This perspective is articulated in a different way by another student who felt they could not divulge full details to their family about travel to Africa, sharing in their pre-departure paper that ‘In a few days I will be off to England – or at least that is what my grandparents think. The several heart attacks that would surely follow the news of their [grandchild] traveling to Africa convinced my parents to only mention the destination of my layover.’
Asking students to unpack their baggage helped shape students’ expectations as they anticipated culture shock upon arrival. Regardless of this baggage, however, most students looked forward to the trip as a means to gain understanding by direct observation, in order to challenge their current beliefs and values. As one student shares, ‘My investigation into the comparison of my Western culture and that of more traditional southern Africa [will lead] me to question the infallibility of my own culture and to seek to realize the hidden brilliance and merit of others.’

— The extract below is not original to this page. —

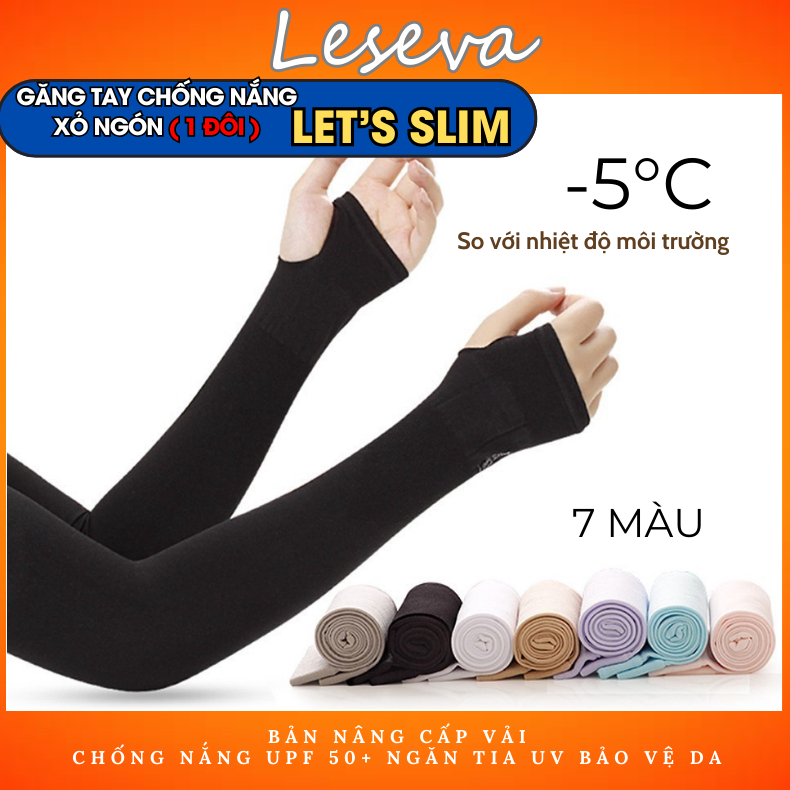 1 Đôi găng tay chống nắng xỏ ngón Let’s slim nam nữ cotton lạnh co giãn thoáng khí ngăn tia UV PK01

Perhaps the most frequently cited example of dissonance from students, which emerged across multiple data sources, was the week one community visit to Alexandra Township (referred to as ‘Alex’ in subsequent communications), on the perimeter of Johannesburg. For most students, this experience brought issues of poverty and access very starkly to the forefront. Following the visit to Alex, field observation and debrief session notes reflect that most students had deeply visceral responses to the experience of Alex. Yet, as interactions continued throughout the program, students demonstrated an increasing ability to identify the humanity of township community members (for instance, recalling how youth made the most of any and all of the materials available to them – such as bail wire and jar lids for push toys and empty plastic bottles for soccer play). During the third week of interviews, the experience of visiting Alex was expressed as among the most thought-provoking by many students, and as time went on the US students, in particular, became better able to comprehend how their own cultural biases about poverty, community and resources had been previously shaped. Perhaps most poignant was when one of the South African students divulged that she had lived for a period of time in Alex with her family when she was in primary school, which created an additional humanizing element and means for the group to interpret their experience.
Transformative engagement
In this article we suggest that engaged scholarship incorporates multiple aspects of active, reciprocal and purposeful teaching and learning. There are a multitude of examples throughout the participant surveys and interviews that speak to an appreciation for learning outside the classroom and the autonomy to arrive at one’s own conclusions.
Engagement, in fact, is the thread which ties this coursework, competencies related to undergraduate inquiry-based learning, and the approach of this study together. In terms of assessment, the reflective opportunities that were offered and demonstrated during every phase of PCESA provided a model for a better understanding of outcomes related to engagement.
The theme of engagement was interpreted through encounters. This includes sustained interactions with fellow participants from the USA and Africa, as well as formal and informal opportunities to interface with people and contexts as part of the academic and field experiences. The PCESA course provides multiple opportunities for exchange, with a focus on local community engagement. Through exposure to diverse cultures, lifestyles and learning environments, the students appeared to recognize the value of engagement for multiple applications.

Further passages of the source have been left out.